Mark, you can out last year. How did your fans react?
Mark: “To this day there’s been nothing negative – only support. And I’ve been with my partner Kevin for a year and a half. I’d spent so long wishing I was in this situation and that I had somebody but for loads of different reasons it wasn’t feasible. Then, finally I found someone. So since coming out, it’s been the best year of my life. Ever. I don’t mean to sound soppy but it’s true.”
Myself and Tanita on the NW art desk both want to be your fag hags. How can we achieve this?
(The boys snigger)
Mark: (looking a bit disturbed by my suggestion) “You have to be able to drink.”
Kian: “And be late all the time.”
Shane: “You have to be fabulous to be his fag hag.”
Nicky: “What does fag hag mean – just that you want to hang out with him all the time?”
Yep.

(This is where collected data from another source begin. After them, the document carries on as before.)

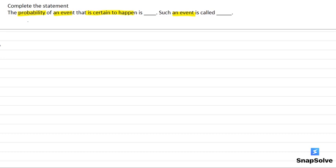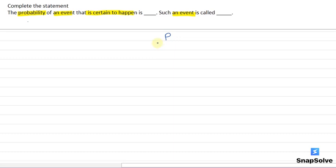The probability is defined as numerical representation of how likely an event is to occur and it is denoted by P. That means probability of this event is a numerical representation, and we represent it from P. And we can write P(E) as probability of occurrence of event E.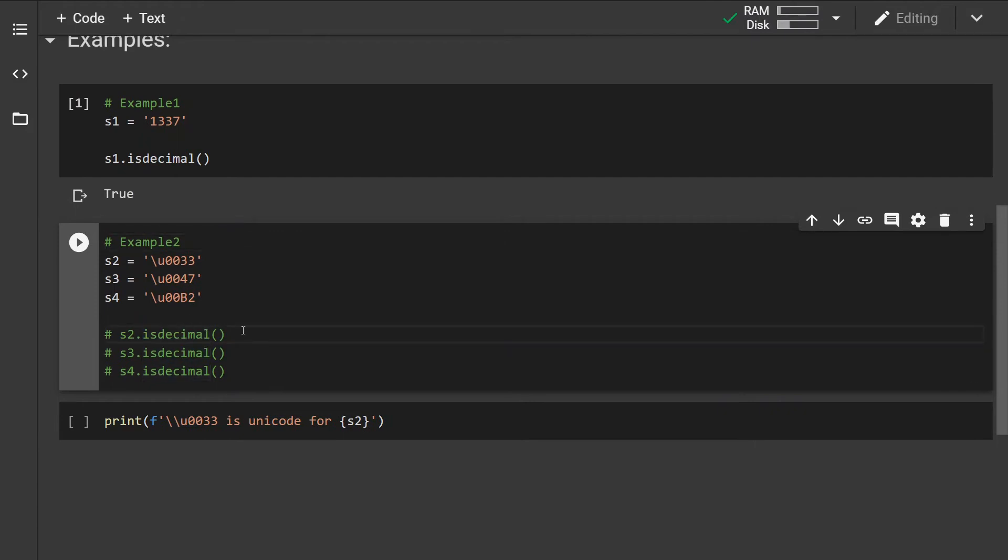Now the isdecimal method can be used also to check whether Unicode characters or Unicode encoded characters are also decimals.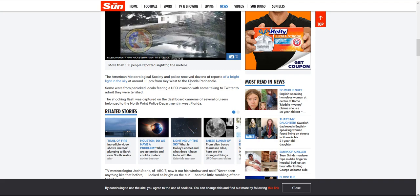That meteorite exploded miles up in the atmosphere and still damaged thousands of buildings on the ground, injured over a thousand people on the ground, and it didn't even hit. Had that hit, there would have been death, there would have been destruction.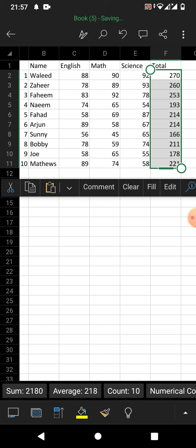So friends, that's the very easy and simple way to apply a formula to a whole column in Microsoft Excel on an Android phone. If my video helps you in any way, please subscribe to my channel and hit the like button. Thanks for watching, thanks for your time — take care, goodbye!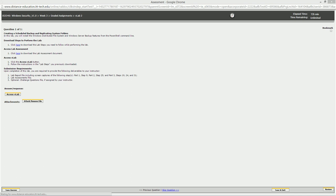Welcome to Week 3 VLAB 2, also known as LAB 6: Creating and Scheduling Backup and Replicating System Folders. Part of this lab deals directly with DFS, Distributed File Systems, and Namespaces.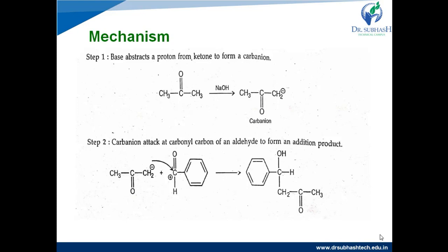We know that carbonyl carbon is an electropositive atom. This is because when the bond between carbon and oxygen breaks, the electrons go towards oxygen due to its greater electronegativity, causing the carbon to acquire a positive charge. This electropositive carbon easily attracts the carbanion, so CH2 minus attaches to the carbonyl carbon, forming a nucleophilic addition product. In step 2, nucleophilic addition to the carbonyl group occurs, and the oxygen O minus undergoes protonation to form an OH group.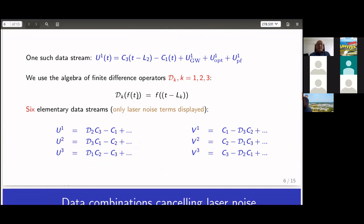We use the algebra of finite differences, writing Dₖ as a delay operator: Dₖf(t) = f(t − Lₖ). The six elementary data streams are given by expressions like D₂c₃ − c₁, D₃c₁ − c₂, and so on. What we need is a linear combination of p·(u₁, u₂, u₃, v₁, v₂, v₃) in which the noise terms c disappear — that is, the laser noise cancellation condition becomes: pᵢvᵢ + qᵢuᵢ = 0.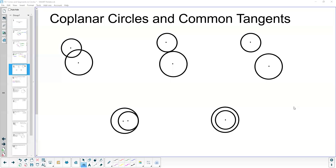Hi, this is Mrs. Kidman, and in this video we are going to be discussing coplanar circles and common tangents. When discussing these different types of circles, coplanar circles are ones that are two circles in the same plane. When it comes to circles in the same plane, they have a couple of options.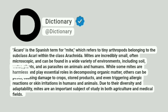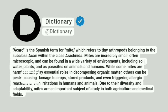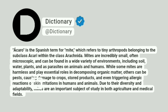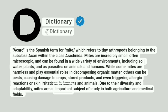While some mites are harmless and play essential roles in decomposing organic matter, others can be pests, causing damage to crops, stored products, and even triggering allergic reactions or skin irritations in humans and animals. Due to their diversity and adaptability, mites are an important subject of study in both agriculture and medical fields.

Every girl needs a gay best friend. Anyway, what have you guys learnt about women over the years?
Nicky: “Never ask a woman if she’s pregnant unless you physically see the baby’s head sticking out!”
Kian: “Just: Let. It. Go. Don’t bother arguing back. It makes life easier. Men just want to sit there, watch the TV and relax.”
Nicky: “And fart and scratch…”
Shane: “Women are very rarely wrong. I mean, they might be wrong but I’ve learnt to just go along with it and let them find out for themselves if they’re right or not!”
Lad’s, you obviously know the score.
Right, that’s us won over!
Westlife’s new single is out this month and the Love Album is out next month.